Why is CCUS important for the energy transition?
CCUS can clean up the stubborn emissions that renewables struggle to reach. According to the International Energy Agency, “reaching net zero will be virtually impossible without CCUS”.
Industrial cleaner.
Industry accounts for about 30% of global greenhouse gas emissions, mostly in the form of carbon dioxide. Some can be cut out easily using renewable electricity, but much cannot. For example, carbon dioxide is a by-product of some chemical processes, such as making the most common type of cement using limestone. CCUS may be the most realistic way to tackle those emissions. Many industrial processes also need intense heat, which can be difficult or expensive to provide with electricity using today’s technologies, so it usually comes from burning fossil fuels. CCUS could be the most cost-effective way to cut those emissions.
Power supporter.
Future electricity generation is likely to be dominated by solar and wind power, with output that depends on the weather rather than tracking demand. On a still, grey day, we will need backup power. In many countries, backup will be provided by natural gas – which could supply low-carbon electricity with the help of CCUS.
Hydrogen launcher.
Hydrogen is likely to be an essential part of a net-zero world. It can be used to power heavy industry and long-range transport in a low-carbon way. It can also replace natural gas in providing heat. It is becoming an important part of Europe’s decarbonization plans. Eventually, most hydrogen will be made using surplus renewable power; in the meantime, gas-rich countries can drive the clean hydrogen market by making it from natural gas. This process generates carbon dioxide, so CCUS is needed to clean it up.
Air purifier.
Just cutting down on emissions won’t be enough to prevent dangerous climate change. Some carbon dioxide will need to be taken out of the air, both to balance any remaining greenhouse gas emissions and to compensate for emissions in the past. This is known as carbon removal. The storage element of CCUS will be vital in ensuring the removed carbon does not return to the atmosphere.

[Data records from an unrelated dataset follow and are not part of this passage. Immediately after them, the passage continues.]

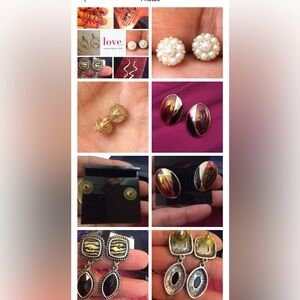 Lot of vintage earrings
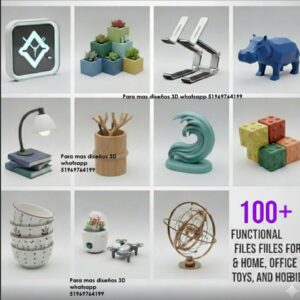 Más de 100 Modelos STL Funcionales para Hogar, Oficina y Decoración – Impresión 3D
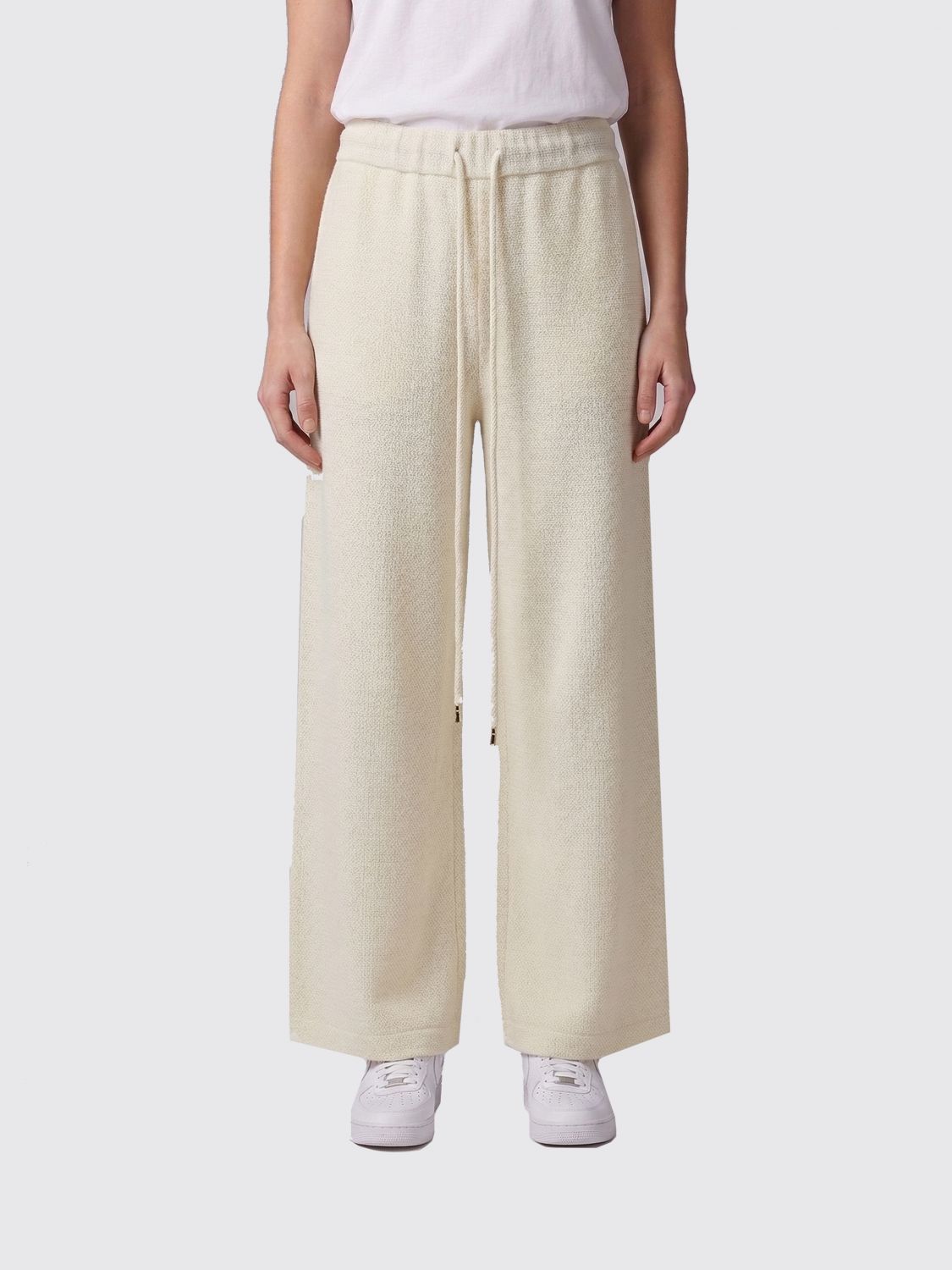 Pants Woman color Ivory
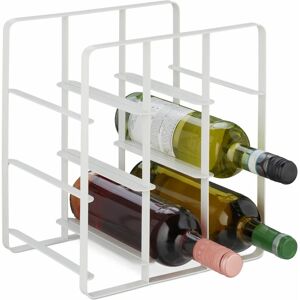 Relaxdays Wine Rack - Holds 9 Bottles - Modern Iron Design Relaxdays Wine Rack - Holds 9 Bottles - Modern Iron Design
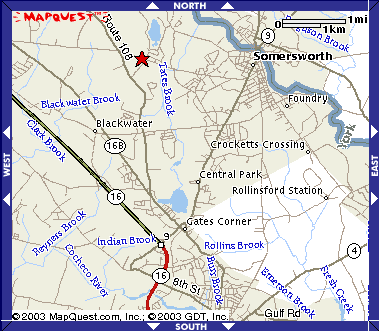 Map to Somersworth Dance location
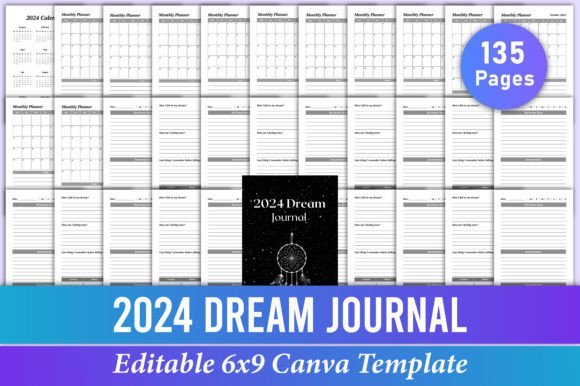 Your 2024 Dream Journal: A Canva-Ready Interior for KDP Success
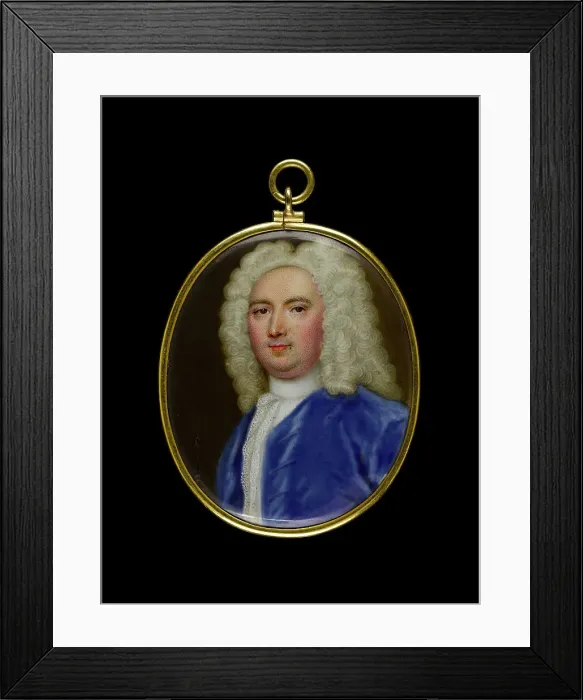 Framed Print : Portrait of a man, between 1725 and 1750. Creator: English School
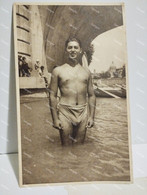 Italy Italia Naked Nude Boy Tiber River Rome  19x11,5 Cm - Luoghi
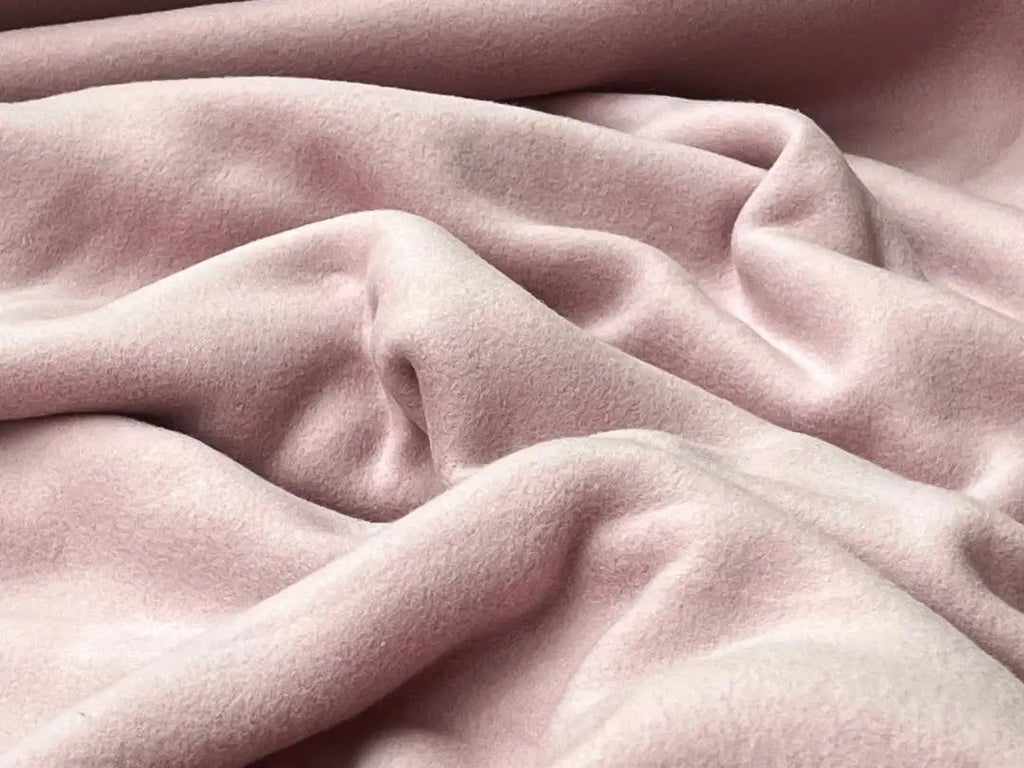 Bio Baumwollfleece Helles Altrosa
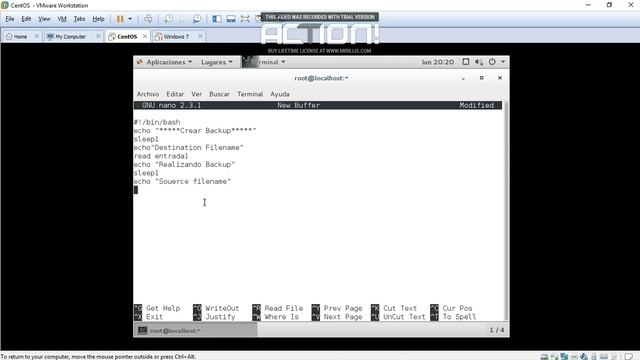 SO3 Creacion de script de Backup (ITLA) Centos 7 смотреть онлайн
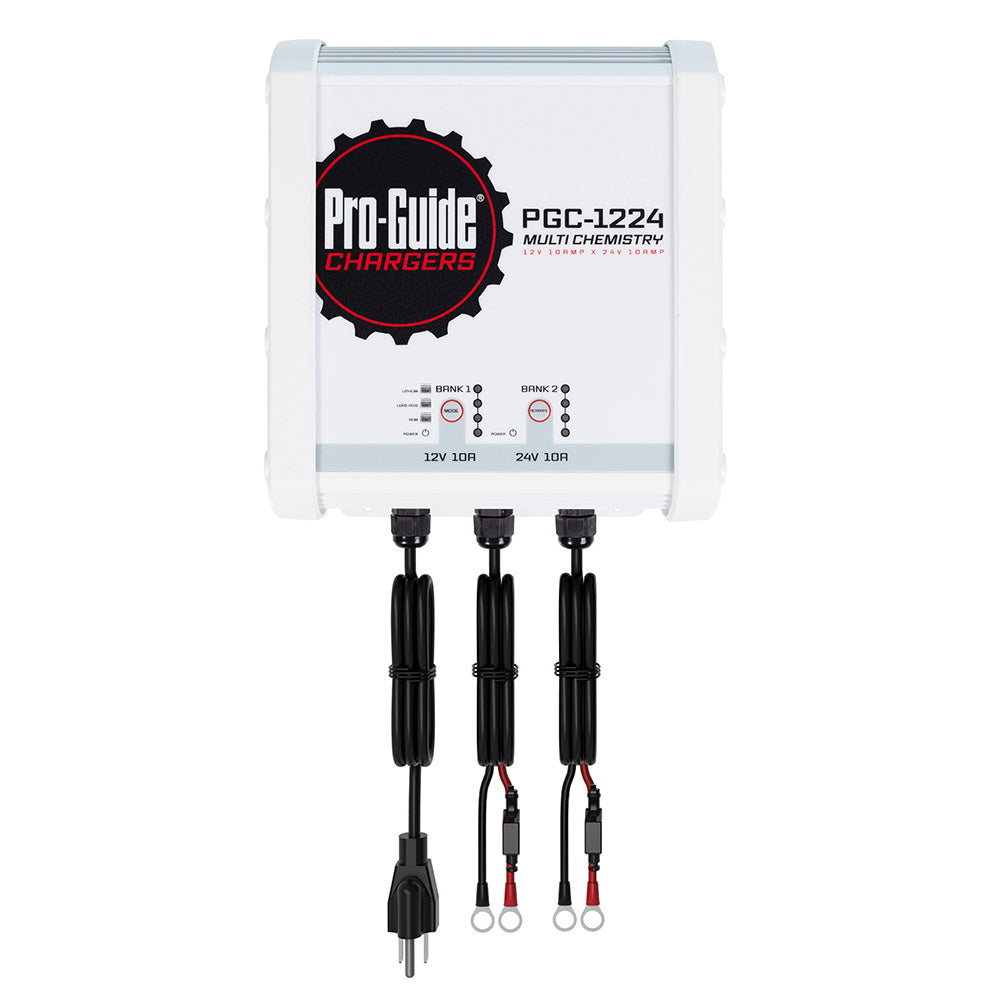 Pro-Guide 2 Bank On-Board Battery Charger - (1) 12V / (1) 24V - 20-Amp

How much CCUS is needed to reach net zero emissions?
The International Energy Agency (IEA) recently developed a scenario to show what technologies must be deployed to reach net zero emissions from the energy sector. It sees carbon capture reaching 1.6 billion tonnes (gigatonnes) per year by 2030, and 7.6 gigatonnes per year by 2050. To put that into perspective, stand-alone CCUS facilities can currently capture around 1-2 million tonnes of carbon dioxide per year. CCUS hubs will be able to store 5-10 million tonnes of carbon dioxide per year by 2030, so around two hubs a month would need to be built every year until 2030 to meet the IEA scenario.
In the IPCC Special Report on Global Warming of 1.5°C, nearly all of the 90 scenarios include CCS in some form. Across all scenarios, the average volume of CCUS in 2050 is 10 gigatonnes per year.
Learn more: CCUS: Barriers, enabling frameworks and prospects for climate change mitigation, The Oxford Institute for Energy Studies (January 2022)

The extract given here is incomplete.